Ces travaux ont été repris par les chercheurs en management, mais surtout par les praticiens pour en extrapoler des intérêts pour l’entreprise. La pratique est devenue ainsi un moyen d’améliorer énormément de paramètres qui, au final, ont surtout un intérêt pour l’entreprise en termes de réduction de coûts et d’amélioration de performance. C’est en tout cas ce qu’a provoqué le processus de marchandisation de cette pratique.


Comme toujours, ces avancées ont des intérêts – avoir permis l’introduction de ces pratiques dont on connait les résultats positifs sur la personne, mais aussi sur les liens sociaux – , et des défauts. Par exemple, avoir conduit à une réelle instrumentalisation au profit de la performance, mais aussi parfois, à la stigmatisation de certaines personnes.


La question centrale me semble bien être la suivante : « A quoi peut bien servir réellement la pratique de la pleine conscience, et en quoi peut-elle apporter quelque chose à l’entreprise ? » Le regard que nous portons sur cette pratique, dans notre centre de recherche, vise à remettre les choses en perspective à partir de cette question.


La réponse serait la suivante. S’il est vrai que la pratique a des effets directs sur le bien-être, son intention majeure est d’améliorer la capacité d’une personne à entrer en contact avec la réalité vécue. Ceci, en identifiant ce qu’il se passe en elle (interprétations, jugements, émotions, réactions physiques, projections…) et en dehors d’elle (la situation elle-même). Dis autrement, cette pratique a pour objet premier d’améliorer mon aptitude à voir ce qui est… pour ensuite m’y ajuster de manière satisfaisante – en santé, en bien-être et en performance éventuellement.

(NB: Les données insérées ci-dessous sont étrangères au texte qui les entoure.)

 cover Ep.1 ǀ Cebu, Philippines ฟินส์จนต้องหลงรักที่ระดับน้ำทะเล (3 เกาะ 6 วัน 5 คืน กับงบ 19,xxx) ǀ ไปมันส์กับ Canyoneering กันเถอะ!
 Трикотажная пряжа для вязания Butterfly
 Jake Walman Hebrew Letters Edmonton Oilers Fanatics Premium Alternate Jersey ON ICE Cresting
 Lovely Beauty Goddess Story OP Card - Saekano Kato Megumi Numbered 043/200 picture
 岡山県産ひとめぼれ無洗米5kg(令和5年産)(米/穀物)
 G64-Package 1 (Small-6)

Ainsi, son objet initial serait bien plus de pouvoir dire plus justement ce qui est à dire, surtout mes tensions et désaccords. Alors, si l’environnement est suffisamment sécure pour cette expression, mes tensions, stress et autres insatisfactions pourront s’améliorer par effet secondaire, comme un produit induit de la pratique… Et ceci, d’autant mieux que les dysfonctionnements organisationnels détectés seront régulés. C’est cette nouvelle place d’acteur à part entière du processus organisationnel, qui me fait quitter ma position de victime et dans le même temps l’emprise de la position de persécuteur du système, qui va contribuer à l’amélioration de l’organisation et de ma propre santé. L’objectif prioritaire de la pratique n’est donc pas immédiatement « d’aller mieux » (prévention secondaire), mais ouvre la possibilité de devenir un collaborateur perspicace à identifier, évoquer et contribuer à réduire les dysfonctionnements (prévention primaire).


Alors, pour la personne, la sensation de contrôle sur sa vie s’améliore et un bien-être en résulte, et pour l’entreprise, le collaborateur est une ressource précieuse capable de déceler les dysfonctionnements, de les mettre au jour et de contribuer à leur résolution.
En entreprise, la mindfulness délivre ainsi une compétence à mieux me confronter au réel – qu'il s'agit de développer – plus qu’une clé pour améliorer mon bien-être.